Cassingham had been posting to this board since 1987, but it would take seven years or so before it would collide with his newfound obsession with email. In June 1994, LA was hit by a particularly bad heatwave, and one night his inadequate air conditioning left him awake and struggling to fall asleep. “My mind kind of churned, and then suddenly this idea dropped into my consciousness, fully formed.” At the time, most people who had email addresses used them to forward jokes, and what were his bulletin posts other than topical, news-driven jokes? His idea that night was relatively simple: he would take the basic structure of his corkboard clippings and convert it into a newsletter.
By the time Cassingham fell asleep that night, he had not only settled on a format for the newsletter, but also the business model. And despite the skepticism he received from his coworkers the next day, he immediately set about launching it.
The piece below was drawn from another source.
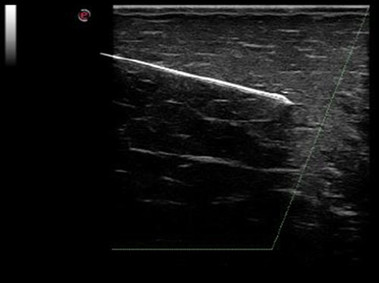 Clinical Image - MyLab<sup>™</sup>Seven - Needle Enhancement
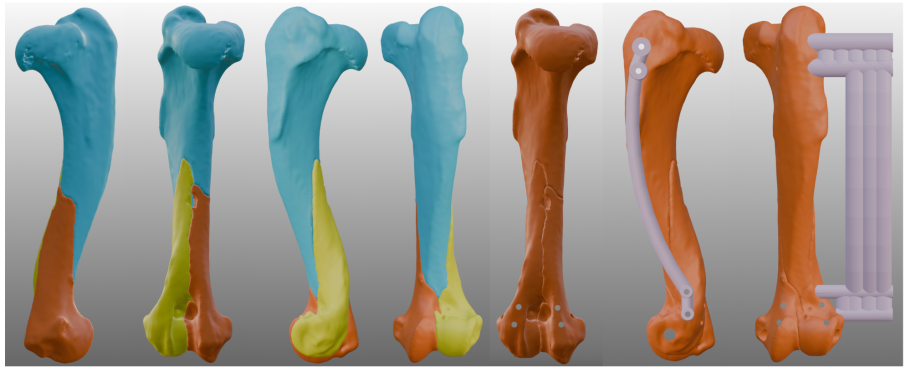 Bone fracture planning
He still had to navigate the technical hurdles, however. Remember, there was no Mailchimp back then. Cassingham needed a way to compile a large list of email addresses and distribute to them all at once. Luckily, the Ed Krol book he’d bought mentioned a service called Majordomo, an early mailing list manager that would provide most of the functionality he needed.
A few days later, Cassingham sent an email to all of his personal contacts. “It said, ‘hey, I’m starting this newsletter. Here’s the first issue. If this is something you like, here are the instructions on how to subscribe.’” There was no landing page where people could sign up; instead, you had to send an esoteric command prompt to a Majordomo address. “Immediately, I started getting subscriptions. The first one was my best friend from high school.”
The newsletter version was slightly different from what Cassingham posted to the office corkboard. After all, those articles were protected by copyright, so he couldn’t simply reprint them in full. Instead, he rewrote the stories in his own words, which made it much easier to quickly get to the point and set up a punchline. Each item ended with his pithy commentary, which often involved some sort of pun-based joke. The email was a couple hundred words, all painstakingly composed by Cassingham, but perhaps the most important line appeared at the very bottom. “When I sent out the first issue, I said that if you know anybody you think would like this, go ahead and forward it. It did have a copyright notice on it, but it said you’re welcome to forward it as long as you do it in its entirety.”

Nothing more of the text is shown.